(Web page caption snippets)
============

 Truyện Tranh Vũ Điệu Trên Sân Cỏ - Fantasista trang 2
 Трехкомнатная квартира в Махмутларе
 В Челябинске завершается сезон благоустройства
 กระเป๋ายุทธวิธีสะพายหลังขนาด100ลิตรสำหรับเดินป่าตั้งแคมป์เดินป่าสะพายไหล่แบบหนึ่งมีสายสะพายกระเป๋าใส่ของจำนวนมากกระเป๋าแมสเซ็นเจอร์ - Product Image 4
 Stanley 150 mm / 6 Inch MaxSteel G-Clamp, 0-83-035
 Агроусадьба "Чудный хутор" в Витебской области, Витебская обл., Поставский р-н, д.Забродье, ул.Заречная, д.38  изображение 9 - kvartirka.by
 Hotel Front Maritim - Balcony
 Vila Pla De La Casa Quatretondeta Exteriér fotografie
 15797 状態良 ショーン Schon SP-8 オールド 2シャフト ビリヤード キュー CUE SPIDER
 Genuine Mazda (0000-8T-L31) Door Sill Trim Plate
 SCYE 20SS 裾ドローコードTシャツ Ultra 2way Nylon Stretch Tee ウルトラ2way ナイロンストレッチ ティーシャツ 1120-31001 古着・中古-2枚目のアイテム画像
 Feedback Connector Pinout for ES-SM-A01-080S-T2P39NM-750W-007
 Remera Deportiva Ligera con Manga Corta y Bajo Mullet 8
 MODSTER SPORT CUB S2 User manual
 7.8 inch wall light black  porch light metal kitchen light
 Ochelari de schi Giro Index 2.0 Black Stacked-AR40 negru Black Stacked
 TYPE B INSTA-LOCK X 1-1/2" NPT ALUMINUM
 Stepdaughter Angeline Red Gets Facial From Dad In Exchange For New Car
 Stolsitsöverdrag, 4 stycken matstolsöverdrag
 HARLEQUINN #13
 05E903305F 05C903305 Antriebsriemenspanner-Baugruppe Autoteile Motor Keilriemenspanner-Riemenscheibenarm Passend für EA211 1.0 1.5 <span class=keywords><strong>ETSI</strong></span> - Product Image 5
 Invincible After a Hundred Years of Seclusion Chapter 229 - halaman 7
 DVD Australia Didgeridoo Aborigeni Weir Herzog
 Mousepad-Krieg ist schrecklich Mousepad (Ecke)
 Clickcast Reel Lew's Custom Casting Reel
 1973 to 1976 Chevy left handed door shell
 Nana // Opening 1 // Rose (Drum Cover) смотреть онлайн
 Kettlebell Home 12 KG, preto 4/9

============

» What to produce
Please print each entry once more, exactly as it reads.

» Solution to the exercise
 Truyện Tranh Vũ Điệu Trên Sân Cỏ - Fantasista trang 2
 Трехкомнатная квартира в Махмутларе
 В Челябинске завершается сезон благоустройства
 กระเป๋ายุทธวิธีสะพายหลังขนาด100ลิตรสำหรับเดินป่าตั้งแคมป์เดินป่าสะพายไหล่แบบหนึ่งมีสายสะพายกระเป๋าใส่ของจำนวนมากกระเป๋าแมสเซ็นเจอร์ - Product Image 4
 Stanley 150 mm / 6 Inch MaxSteel G-Clamp, 0-83-035
 Агроусадьба "Чудный хутор" в Витебской области, Витебская обл., Поставский р-н, д.Забродье, ул.Заречная, д.38  изображение 9 - kvartirka.by
 Hotel Front Maritim - Balcony
 Vila Pla De La Casa Quatretondeta Exteriér fotografie
 15797 状態良 ショーン Schon SP-8 オールド 2シャフト ビリヤード キュー CUE SPIDER
 Genuine Mazda (0000-8T-L31) Door Sill Trim Plate
 SCYE 20SS 裾ドローコードTシャツ Ultra 2way Nylon Stretch Tee ウルトラ2way ナイロンストレッチ ティーシャツ 1120-31001 古着・中古-2枚目のアイテム画像
 Feedback Connector Pinout for ES-SM-A01-080S-T2P39NM-750W-007
 Remera Deportiva Ligera con Manga Corta y Bajo Mullet 8
 MODSTER SPORT CUB S2 User manual
 7.8 inch wall light black  porch light metal kitchen light
 Ochelari de schi Giro Index 2.0 Black Stacked-AR40 negru Black Stacked
 TYPE B INSTA-LOCK X 1-1/2" NPT ALUMINUM
 Stepdaughter Angeline Red Gets Facial From Dad In Exchange For New Car
 Stolsitsöverdrag, 4 stycken matstolsöverdrag
 HARLEQUINN #13
 05E903305F 05C903305 Antriebsriemenspanner-Baugruppe Autoteile Motor Keilriemenspanner-Riemenscheibenarm Passend für EA211 1.0 1.5 <span class=keywords><strong>ETSI</strong></span> - Product Image 5
 Invincible After a Hundred Years of Seclusion Chapter 229 - halaman 7
 DVD Australia Didgeridoo Aborigeni Weir Herzog
 Mousepad-Krieg ist schrecklich Mousepad (Ecke)
 Clickcast Reel Lew's Custom Casting Reel
 1973 to 1976 Chevy left handed door shell
 Nana // Opening 1 // Rose (Drum Cover) смотреть онлайн
 Kettlebell Home 12 KG, preto 4/9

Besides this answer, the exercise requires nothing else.